The index of leading indicators rose 0.3 percent in May, marking the third consecutive monthly increase and offering additional evidence that the recession has hit bottom, the Commerce Department reported yesterday.

But the modest size of the increase in the index--which is a composite of 12 separate indicators and which often moves up or down in advance of similar changes in the economy--reinforced the view of some analysts that the recovery will be slow and perhaps not sustained.

Treasury Secretary Donald T. Regan, in St. Louis to speak to a business group, said the increase was one of several "hopeful signs. We could get some bad figures later on. We're not out of the woods entirely, but it is pretty clear we are emerging from this recession," he declared.

Murray L. Weidenbaum, chairman of the Council of Economic Advisers, told reporters that recent statistics have convinced him "the economy is turning around. There is a lot of actual support for that."

However, Weidenbaum also warned that "unemployment may not have peaked. . . . It peaks after the economy turns. We will get a sustained decline only when employment is growing fast enough to absorb growth in the labor force." The June unemployment rate will be reported on Friday. It stood at 9 1/2 percent in May. Most forecasters are predicting an increase to 9.7 or 9.8 percent.

Five of the 10 leading indicators available yesterday rose in May and five fell. Sensitive crude materials prices contributed the most to the gain in the composite index, while contracts and orders for business plant and equipment declined the most, the department said.

Robert G. Dederick, designated recently as under secretary for economic affairs, said, "While less than expected, the May advance . . . is consistent with other data suggesting that the recession has bottomed out. In the immediate future, the consumer sector apparently will be the key contributor to recovery. As indicated, though, by the setback in contracts and orders for new plant and equipment, business capital spending is likely to decline further."

Forecaster Lawrence Chimerine, head of Chase Econometrics, saw the numbers as "fundamentally consistent with what we expect, namely, that the economy is now bottoming out and a modest improvement will occur in the second half of the year." But he said that the recovery will be "relatively slow."

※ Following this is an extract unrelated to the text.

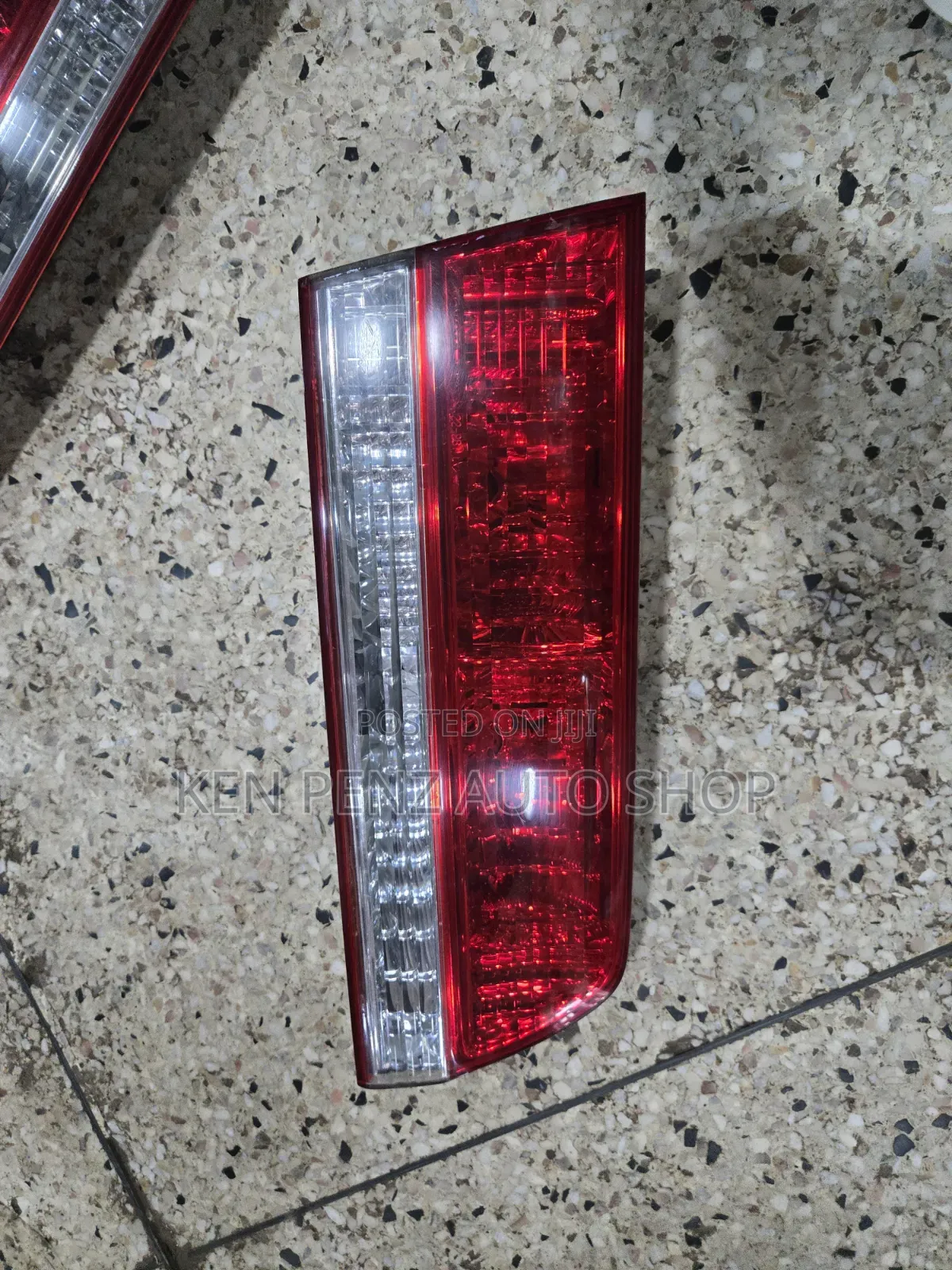 Mark 2 Super Rear Boot Reflector Taillamp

Both Regan and Weidenbaum said they expect interest rates, whose high level is a danger to the recovery's prospects, to fall later this year. However, Weidenbaum echoed the Treasury secretary's assessment a few days ago that they will go higher before turning downward. "In the very short run, the prospect is higher interest rates. Then I hope the trend is down."

Weidenbaum disassociated himself from recent pointed criticism by Regan and the Treasury undersecretary for monetary affairs, Beryl Sprinkel, of the way in which the Federal Reserve has been executing monetary policy. The CEA is not participating in the Treasury's review of whether the Fed's independence from the executive branch of government should be curtailed in some way, he said. "The White House has ordered no such review. . . . I am not sure whether Mr. Sprinkel gives marching orders to Mrs. Sprinkel, but it doesn't extend beyond the family."

Separately, the Commerce Department reported that new orders for manufactured goods rose $2.4 billion, or 1 1/2 percent, in May to a level of $158.1 billion. Shipments, however, rose even faster, up $4.1 billion, or 2.6 percent, to $161.2 billion. As a result, order backlogs at the end of May stood at $314.8 billion, down 1 percent from April.

The book value of manufacturers' inventories decreased $2.7 billion, or 1 percent, in May to $271.5 billion. It was the fifth decline in the last six months for inventories, the department said.